9.4. – Il medesimo orientamento interpretativo è stato avallato, sempre con riferimento alla sessione del 2024, anche dal Consiglio di Giustizia Amministrativa per la Regione Siciliana con la sentenza del 5 novembre 2025, n. 856, con la quale è stato ribadito il “ consolidato orientamento della giurisprudenza amministrativa, richiamato dal giudice di prime cure, in ordine alla sufficienza del voto numerico negli esami di abilitazione all'esercizio della professione forense è stato avallato dall'Adunanza Plenaria, con sentenza -OMISSIS- del 20 settembre 2017, sul presupposto che, de jure condito, “numerosi argomenti militano in favore della riaffermazione dell'indirizzo della sufficienza della espressione numerica del voto ”.
10. – Non può essere accolta nemmeno la doglianza con cui si contesta l’insufficienza del voto attribuito dalla Commissione all’elaborato di diritto penale redatto dal ricorrente.
10.1. – Al riguardo, giova preliminarmente rammentare che il merito della valutazione operata dalla commissione di esame è espressione di ampia e qualificata discrezionalità tecnica, il cui concreto esercizio può essere soggetto al sindacato di legittimità del giudice amministrativo solo se viziato da travisamento dei fatti, violazione delle regole di procedura, illogicità manifesta con riferimento ad ipotesi di palese erroneità o irragionevolezza.

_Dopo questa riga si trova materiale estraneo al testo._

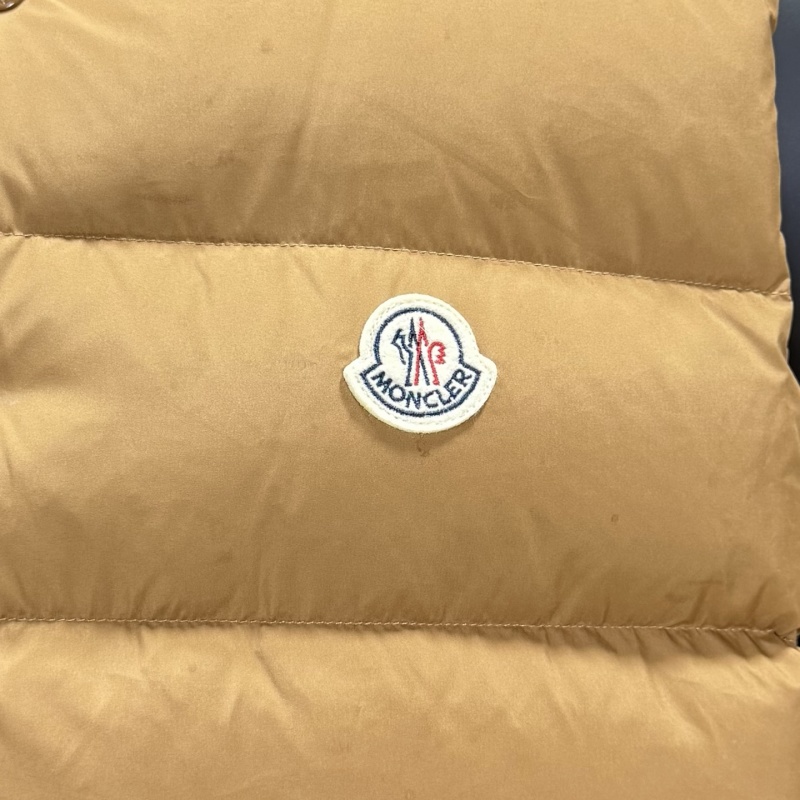 Жилет Moncler
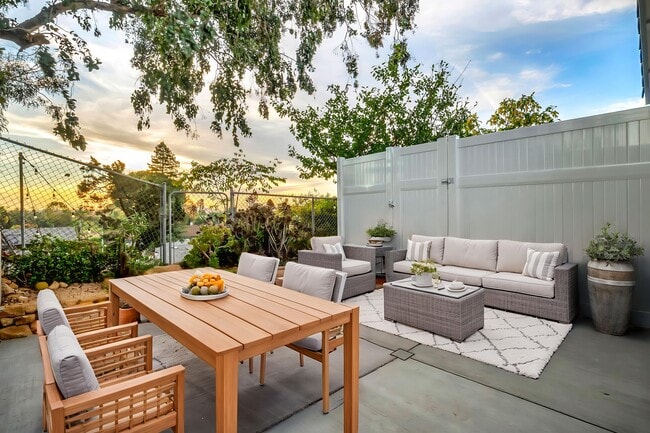 Photo - 1288 Uppingham Dr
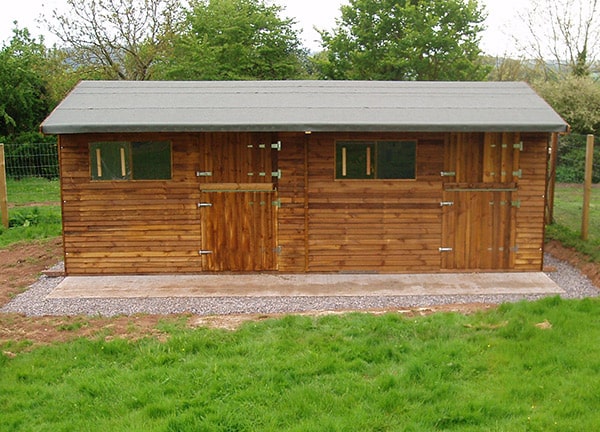 shelters and stables in Congleton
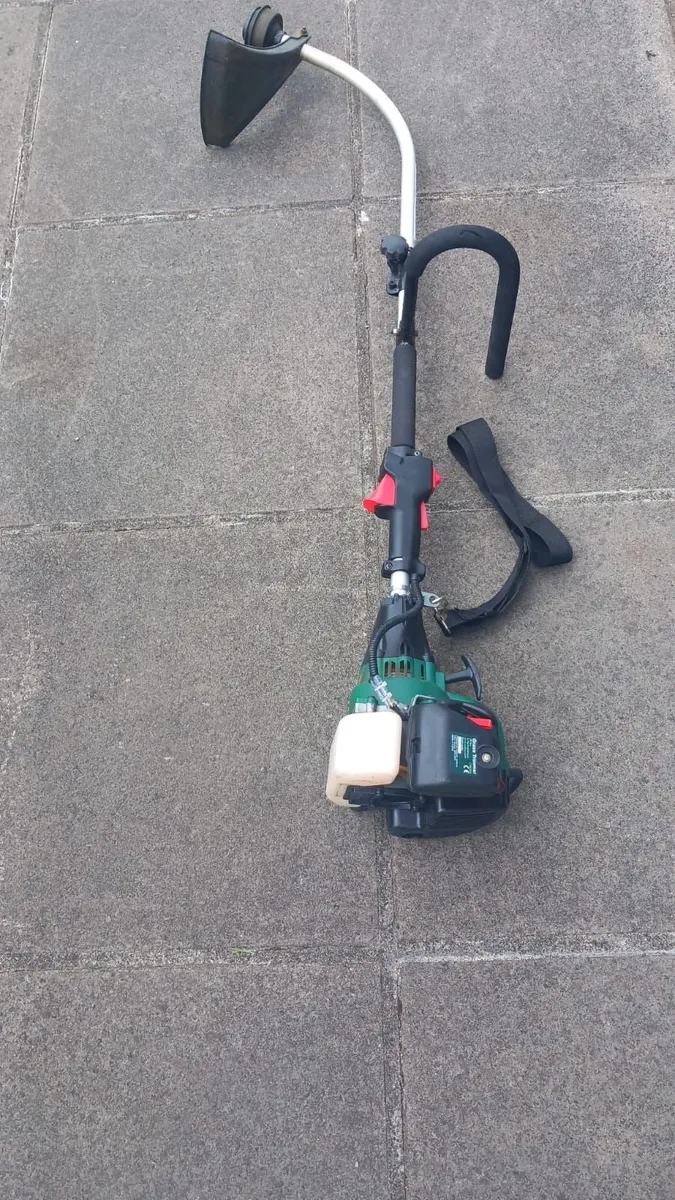 Hedge strimmer - Image 2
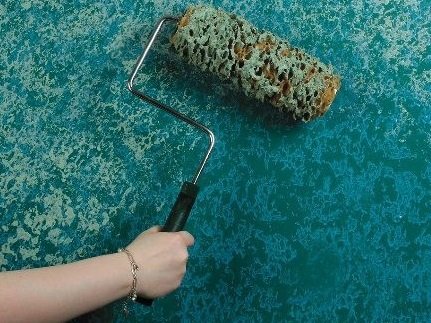Texture vs. Flat Paint: Which is Right for Your Living Room?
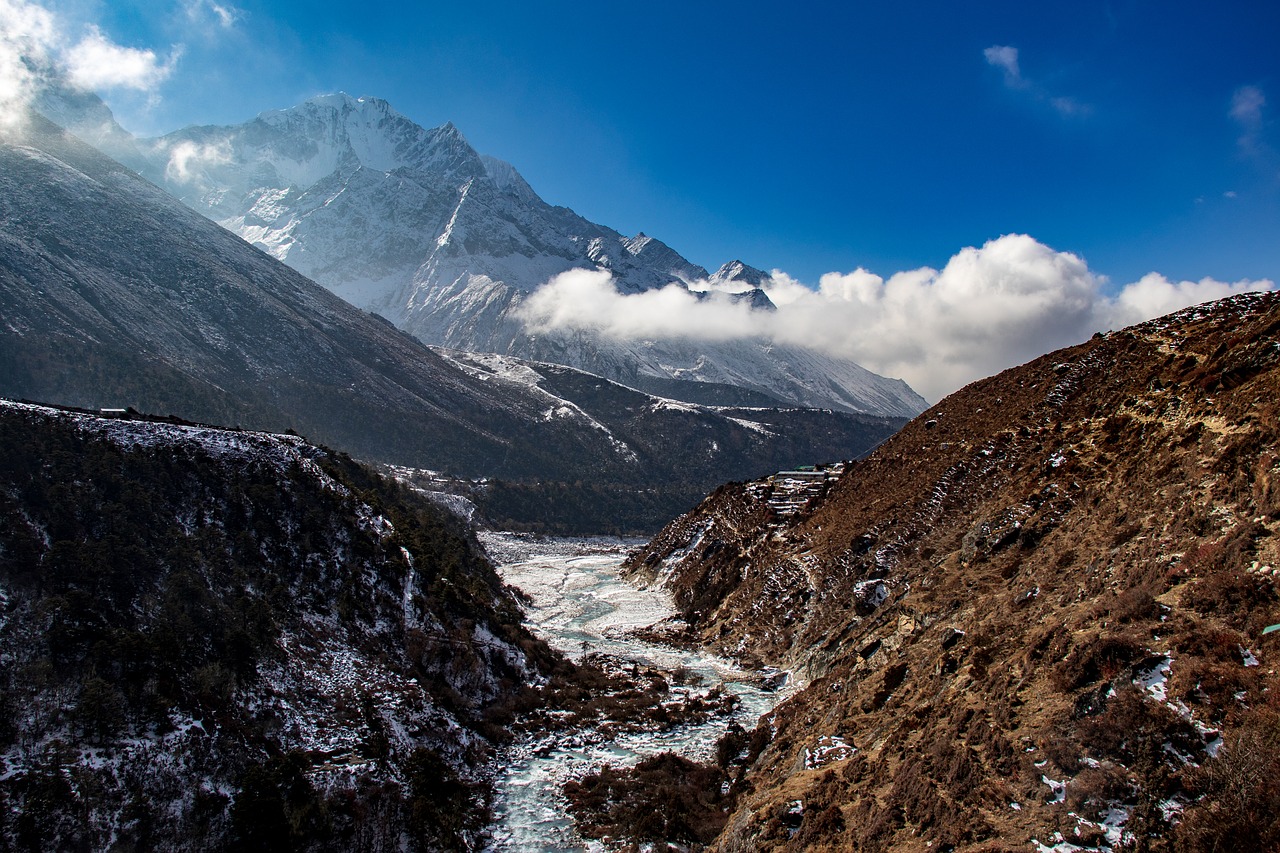 himalayas  nepal  mountains free photo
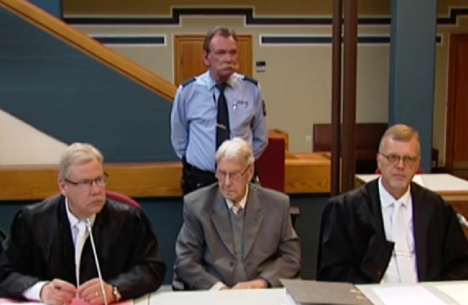 Nach dem Urteil auf der Pressekonferenz: Reinhold Hanning und seine Anwälte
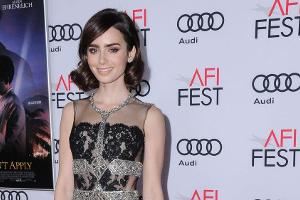 Lilly Collins zeigte viel Haut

10.2. – Nel caso di specie, la sussistenza di tali vizi non è concludentemente dimostrata dal ricorrente.
Le deduzioni del ricorrente finiscono, dunque, per risolversi nella mera, generica pretesa, invero inammissibile, di sovrapporre il proprio personale giudizio a quello della Commissione ed implicano, pertanto, uno sconfinamento nel merito delle valutazioni amministrative.

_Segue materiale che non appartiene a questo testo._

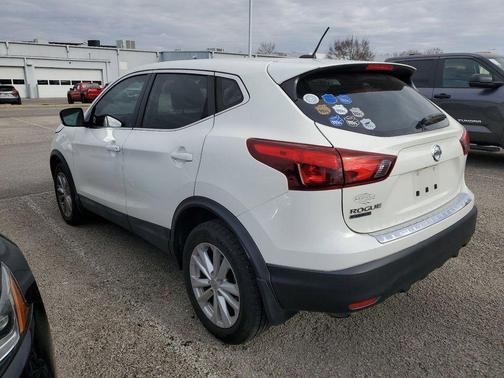 2017 Nissan Rogue Sport S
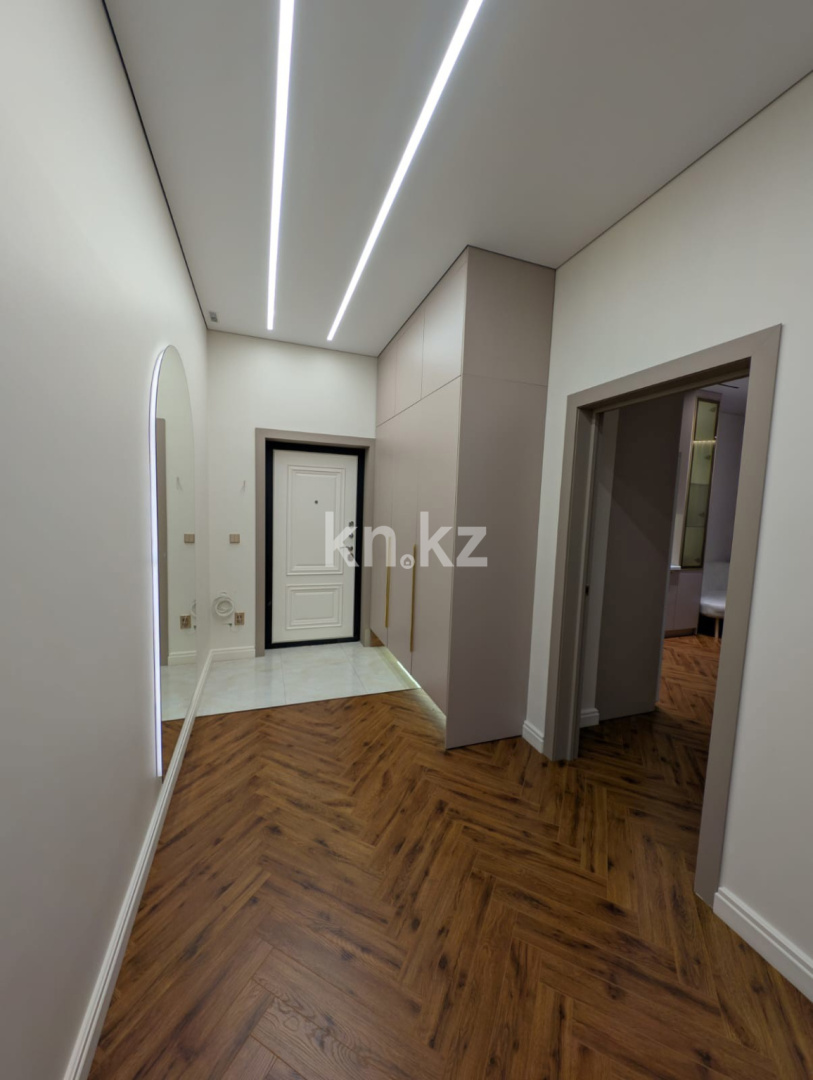Продажа 2-комнатной квартиры, 80.3 м² в Уральске - фото 8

11. – Da ultimo si evidenzia l’infondatezza della censura inerente ai tempi di correzione degli elaborati da parte della Commissione.
Non sono, infatti, sindacabili in sede di legittimità i tempi dedicati dalle commissioni esaminatrici alla valutazione dei candidati, a maggior ragione se tali tempi siano stati calcolati in base a un computo presuntivo dato dalla suddivisione della durata di ciascuna seduta per il numero di concorrenti o degli elaborati esaminati, in quanto non è generalmente possibile stabilire quali concorrenti abbiano fruito di maggiore o minore considerazione e, quindi, se il vizio dedotto infici in concreto il giudizio contestato ( cfr . Cons. Stato, Sez. III, 21 dicembre 2022, n. 11160).
12. – In conclusione, i motivi di impugnazione degli atti dell’Amministrazione sono infondati e devono, pertanto, essere rigettati.
Da ciò consegue anche l’infondatezza della domanda di condanna al risarcimento del danno, peraltro formulata in termini non specifici.
13. – Sussistono, tuttavia, i presupposti di legge per compensare le spese di lite tra le parti in causa.
P.Q.M.
Il Tribunale Amministrativo Regionale per il Lazio (Sezione Prima), definitivamente pronunciando sul ricorso, come in epigrafe proposto, lo respinge.
Spese compensate.
Ordina che la presente sentenza sia eseguita dall'autorità amministrativa.
Ritenuto che sussistano i presupposti di cui all'articolo 52, commi 1 e 2, del decreto legislativo 30 giugno 2003, n. 196 (e degli articoli 5 e 6 del Regolamento (UE) 2016/679 del Parlamento europeo e del Consiglio del 27 aprile 2016), a tutela dei diritti o della dignità della parte interessata, manda alla Segreteria di procedere all'oscuramento delle generalità.
Così deciso in Roma nella camera di consiglio del giorno 14 gennaio 2026 con l'intervento dei magistrati:
IP RI IA, Presidente FF
Matthias Viggiano, Primo Referendario
RT UG, Primo Referendario, Estensore
| L'ESTENSORE | IL PRESIDENTE |
| RT UG | IP RI IA |
IL SEGRETARIO
In caso di diffusione omettere le generalità e gli altri dati identificativi dei soggetti interessati nei termini indicati.